No one is quite sure how Alvin "Shipwreck" Kelly, the flagpole sitter, got his nickname. The version we like is that as a former sailor he claimed to have been shipwrecked many times. or as a boxer, he was decked so often that he always seemed "adrift" in the ring.
Every generation has its stunt men, from the daredevils who roll over Niagara Falls in barrels, to Nik Wallenda's world-witnessed feat on June 15, 2012 of crossing over the Falls on a 2" wire to "fulfill a lifelong dream".
You think of guys like Shipwreck when you get glimpses of Ted Cruz, Texas' delusional gift to fun-house madness, filibustering Obamacare in an empty Senate until he can "no longer stand". After 21 hours and 19 minutes without a bathroom break, he gave up rather than suffer the alternative.
Clearly, if we dare use that word in the presence of this screwy Republican showboat, his lost-cause obsession to be a martyred savior gives us greater respect for Gen.
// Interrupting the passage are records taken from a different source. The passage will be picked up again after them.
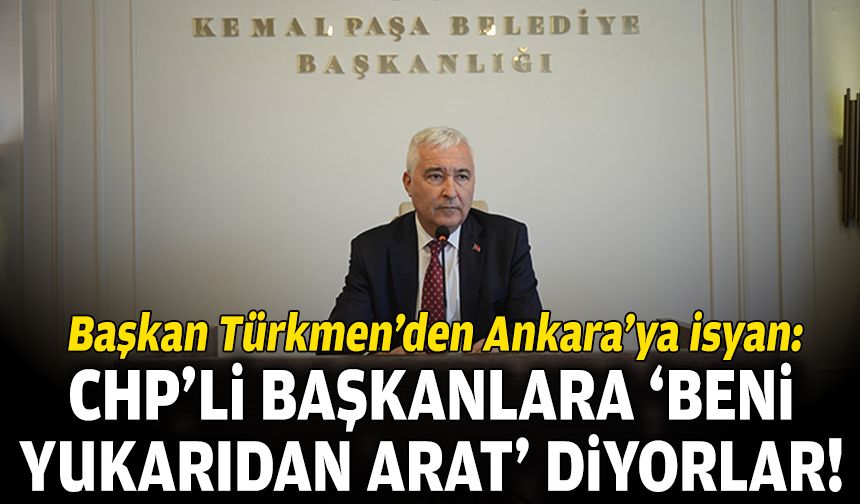 Başkan Türkmen'den "Ankara" isyanı: CHP'li başkanlara ‘beni yukarıdan arat’ diyorlar!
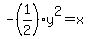 -%281%2F2%29y%5E2=x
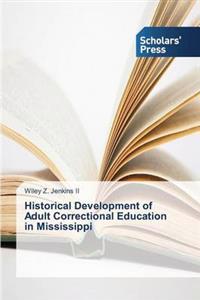 Historical Development of Adult Correctionaleducation in Mississippi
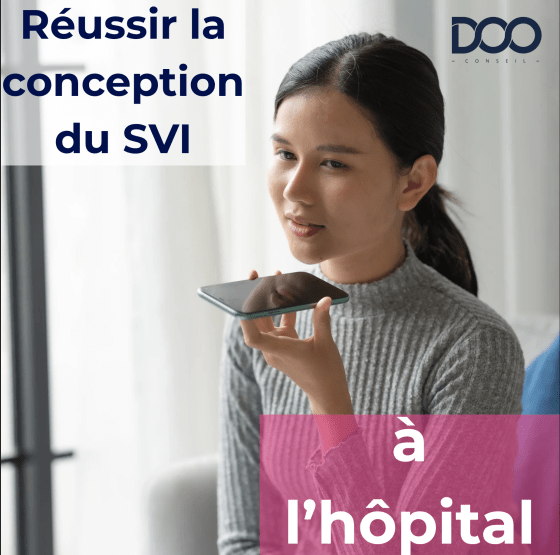 Réussir la conception d'un SVI hospitalier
Custer's foolish behavior.
Cruz is the spectacle du jour. Sold on his own importance, with or without his Republican colleagues' endurance, he is turning up on TV more than those tiresome GEICO commercials. In his latest stand-up role, he compared his Republican colleagues in the senate to the appeasers in Hitler's rise to power. But he shot a hole in the reliability of his promises by breaking his word that he would speak until he dropped to the floor from exhaustion.
Shipwreck Kelly set a record when he sat atop a flagpole in Atlantic City for 49 days. So if anything, Shipwreck Cruz proved nothing more than his cause has earned him Kelly's nickname, if not his staying power.